*Task details*
The answer is a number and nothing else: the count of lines in these entries containing the word "Shirt".

*Given data*
= = = =
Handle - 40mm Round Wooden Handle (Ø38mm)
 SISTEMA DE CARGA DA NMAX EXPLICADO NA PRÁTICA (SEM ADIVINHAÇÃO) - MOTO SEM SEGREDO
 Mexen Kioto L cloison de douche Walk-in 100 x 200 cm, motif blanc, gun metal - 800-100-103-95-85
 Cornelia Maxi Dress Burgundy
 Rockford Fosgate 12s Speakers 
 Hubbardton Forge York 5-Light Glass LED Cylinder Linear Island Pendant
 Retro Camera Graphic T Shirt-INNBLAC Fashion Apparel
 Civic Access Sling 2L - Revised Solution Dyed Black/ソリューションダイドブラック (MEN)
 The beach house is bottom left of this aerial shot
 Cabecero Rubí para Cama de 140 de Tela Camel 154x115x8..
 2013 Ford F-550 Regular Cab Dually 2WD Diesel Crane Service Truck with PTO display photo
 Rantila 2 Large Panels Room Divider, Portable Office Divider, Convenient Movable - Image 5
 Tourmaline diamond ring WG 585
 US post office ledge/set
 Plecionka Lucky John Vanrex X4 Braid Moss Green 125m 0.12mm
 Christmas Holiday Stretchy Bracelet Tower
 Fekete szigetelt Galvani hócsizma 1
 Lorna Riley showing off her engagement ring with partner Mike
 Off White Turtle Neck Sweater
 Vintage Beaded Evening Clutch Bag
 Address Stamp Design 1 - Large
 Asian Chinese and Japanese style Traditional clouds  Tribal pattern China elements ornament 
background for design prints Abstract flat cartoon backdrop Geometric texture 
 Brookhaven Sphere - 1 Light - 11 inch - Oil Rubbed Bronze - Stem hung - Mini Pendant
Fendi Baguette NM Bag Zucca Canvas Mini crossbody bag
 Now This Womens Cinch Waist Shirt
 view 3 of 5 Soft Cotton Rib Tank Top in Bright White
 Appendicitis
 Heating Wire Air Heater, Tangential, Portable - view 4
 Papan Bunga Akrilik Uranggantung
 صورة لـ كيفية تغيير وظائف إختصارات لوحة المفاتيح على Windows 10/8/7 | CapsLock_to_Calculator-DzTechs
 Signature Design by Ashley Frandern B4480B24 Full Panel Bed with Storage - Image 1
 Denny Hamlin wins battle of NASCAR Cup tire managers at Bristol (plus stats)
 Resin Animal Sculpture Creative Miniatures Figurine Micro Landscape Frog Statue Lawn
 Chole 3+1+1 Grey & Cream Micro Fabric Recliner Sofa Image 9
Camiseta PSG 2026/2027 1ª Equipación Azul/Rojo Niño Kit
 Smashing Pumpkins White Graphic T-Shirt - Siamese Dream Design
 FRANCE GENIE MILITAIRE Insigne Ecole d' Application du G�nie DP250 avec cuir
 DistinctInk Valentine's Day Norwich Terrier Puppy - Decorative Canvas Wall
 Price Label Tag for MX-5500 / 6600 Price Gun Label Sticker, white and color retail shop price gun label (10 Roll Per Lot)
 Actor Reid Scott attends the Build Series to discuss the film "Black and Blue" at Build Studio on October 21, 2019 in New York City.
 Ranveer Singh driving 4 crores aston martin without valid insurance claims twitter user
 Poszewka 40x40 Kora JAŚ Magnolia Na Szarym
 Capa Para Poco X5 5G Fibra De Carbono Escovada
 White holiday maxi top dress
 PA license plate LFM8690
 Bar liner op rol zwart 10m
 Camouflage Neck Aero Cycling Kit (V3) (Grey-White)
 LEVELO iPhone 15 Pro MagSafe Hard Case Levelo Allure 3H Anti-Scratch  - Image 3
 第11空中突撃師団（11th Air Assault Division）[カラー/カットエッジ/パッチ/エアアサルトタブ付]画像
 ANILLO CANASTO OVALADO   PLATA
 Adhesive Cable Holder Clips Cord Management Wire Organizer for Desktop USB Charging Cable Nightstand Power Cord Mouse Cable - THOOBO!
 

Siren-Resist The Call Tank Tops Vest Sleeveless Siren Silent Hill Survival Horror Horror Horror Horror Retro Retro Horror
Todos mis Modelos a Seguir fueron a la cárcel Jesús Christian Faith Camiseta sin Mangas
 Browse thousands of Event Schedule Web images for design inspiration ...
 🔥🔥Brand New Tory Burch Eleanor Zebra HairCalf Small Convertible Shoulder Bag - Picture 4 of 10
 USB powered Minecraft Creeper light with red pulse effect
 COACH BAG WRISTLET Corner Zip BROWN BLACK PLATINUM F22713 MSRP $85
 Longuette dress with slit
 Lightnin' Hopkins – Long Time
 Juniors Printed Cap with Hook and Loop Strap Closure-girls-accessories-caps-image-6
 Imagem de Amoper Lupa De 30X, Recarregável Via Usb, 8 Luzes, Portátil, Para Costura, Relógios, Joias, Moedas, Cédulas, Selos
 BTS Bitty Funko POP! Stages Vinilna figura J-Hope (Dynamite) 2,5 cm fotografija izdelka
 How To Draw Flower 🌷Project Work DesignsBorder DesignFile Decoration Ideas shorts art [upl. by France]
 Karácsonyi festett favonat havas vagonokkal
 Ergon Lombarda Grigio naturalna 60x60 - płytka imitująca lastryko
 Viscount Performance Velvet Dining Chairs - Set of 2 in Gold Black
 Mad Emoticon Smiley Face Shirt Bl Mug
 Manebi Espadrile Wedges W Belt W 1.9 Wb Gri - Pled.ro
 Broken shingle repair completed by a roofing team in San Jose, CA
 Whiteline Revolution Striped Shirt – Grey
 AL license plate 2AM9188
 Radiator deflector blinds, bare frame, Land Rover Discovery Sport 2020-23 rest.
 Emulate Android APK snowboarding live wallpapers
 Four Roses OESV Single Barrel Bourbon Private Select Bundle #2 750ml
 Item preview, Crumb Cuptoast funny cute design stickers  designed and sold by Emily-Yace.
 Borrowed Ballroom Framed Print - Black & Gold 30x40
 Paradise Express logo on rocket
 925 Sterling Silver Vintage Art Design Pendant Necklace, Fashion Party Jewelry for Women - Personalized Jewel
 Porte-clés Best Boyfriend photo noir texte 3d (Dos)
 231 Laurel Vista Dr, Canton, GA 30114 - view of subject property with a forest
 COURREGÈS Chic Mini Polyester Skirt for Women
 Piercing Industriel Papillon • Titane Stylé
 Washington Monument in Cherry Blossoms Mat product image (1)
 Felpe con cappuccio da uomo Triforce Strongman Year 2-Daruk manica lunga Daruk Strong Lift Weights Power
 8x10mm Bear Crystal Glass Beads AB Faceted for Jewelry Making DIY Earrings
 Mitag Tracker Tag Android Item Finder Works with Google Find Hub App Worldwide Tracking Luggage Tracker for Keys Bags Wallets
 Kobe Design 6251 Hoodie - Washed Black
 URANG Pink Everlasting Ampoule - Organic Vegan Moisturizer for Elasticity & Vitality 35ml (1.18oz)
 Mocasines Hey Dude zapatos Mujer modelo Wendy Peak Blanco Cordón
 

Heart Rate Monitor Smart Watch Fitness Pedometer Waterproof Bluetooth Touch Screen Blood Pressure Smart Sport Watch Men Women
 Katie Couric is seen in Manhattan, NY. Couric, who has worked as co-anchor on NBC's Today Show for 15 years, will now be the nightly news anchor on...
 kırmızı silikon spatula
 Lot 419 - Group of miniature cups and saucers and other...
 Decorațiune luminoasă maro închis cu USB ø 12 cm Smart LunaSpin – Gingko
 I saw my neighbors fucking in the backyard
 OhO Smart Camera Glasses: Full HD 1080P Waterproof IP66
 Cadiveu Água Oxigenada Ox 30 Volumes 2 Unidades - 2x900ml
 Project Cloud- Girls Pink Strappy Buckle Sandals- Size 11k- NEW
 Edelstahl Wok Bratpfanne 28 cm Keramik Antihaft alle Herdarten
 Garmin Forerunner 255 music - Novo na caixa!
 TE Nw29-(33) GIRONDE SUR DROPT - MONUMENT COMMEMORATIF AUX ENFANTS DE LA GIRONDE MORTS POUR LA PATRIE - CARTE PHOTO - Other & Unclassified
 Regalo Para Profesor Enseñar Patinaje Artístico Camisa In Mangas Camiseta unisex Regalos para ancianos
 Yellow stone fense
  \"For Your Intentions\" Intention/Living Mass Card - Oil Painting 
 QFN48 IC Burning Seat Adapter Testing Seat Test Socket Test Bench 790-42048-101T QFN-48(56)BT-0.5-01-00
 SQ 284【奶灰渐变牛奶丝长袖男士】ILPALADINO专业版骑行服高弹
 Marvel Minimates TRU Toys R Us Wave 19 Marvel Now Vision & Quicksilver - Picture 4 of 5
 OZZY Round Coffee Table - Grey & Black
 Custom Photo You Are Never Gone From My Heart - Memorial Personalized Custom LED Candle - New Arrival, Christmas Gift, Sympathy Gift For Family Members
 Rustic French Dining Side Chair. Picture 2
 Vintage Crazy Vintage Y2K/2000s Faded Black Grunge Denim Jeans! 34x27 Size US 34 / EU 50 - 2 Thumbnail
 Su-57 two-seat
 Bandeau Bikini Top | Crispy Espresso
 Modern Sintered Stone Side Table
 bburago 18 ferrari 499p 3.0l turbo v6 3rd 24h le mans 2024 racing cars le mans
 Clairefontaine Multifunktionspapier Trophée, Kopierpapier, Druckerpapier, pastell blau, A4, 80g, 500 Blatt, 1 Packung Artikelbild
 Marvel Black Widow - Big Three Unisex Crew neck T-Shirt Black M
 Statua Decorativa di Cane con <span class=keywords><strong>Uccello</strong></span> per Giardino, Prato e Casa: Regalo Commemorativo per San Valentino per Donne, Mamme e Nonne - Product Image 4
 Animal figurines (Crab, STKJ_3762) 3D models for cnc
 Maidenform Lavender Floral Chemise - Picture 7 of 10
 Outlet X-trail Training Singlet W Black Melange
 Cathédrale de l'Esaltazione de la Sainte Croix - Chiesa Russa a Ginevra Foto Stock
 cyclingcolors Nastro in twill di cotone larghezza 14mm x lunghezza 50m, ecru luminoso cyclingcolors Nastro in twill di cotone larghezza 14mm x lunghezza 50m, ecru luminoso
= = = =
*Exercise solution*
6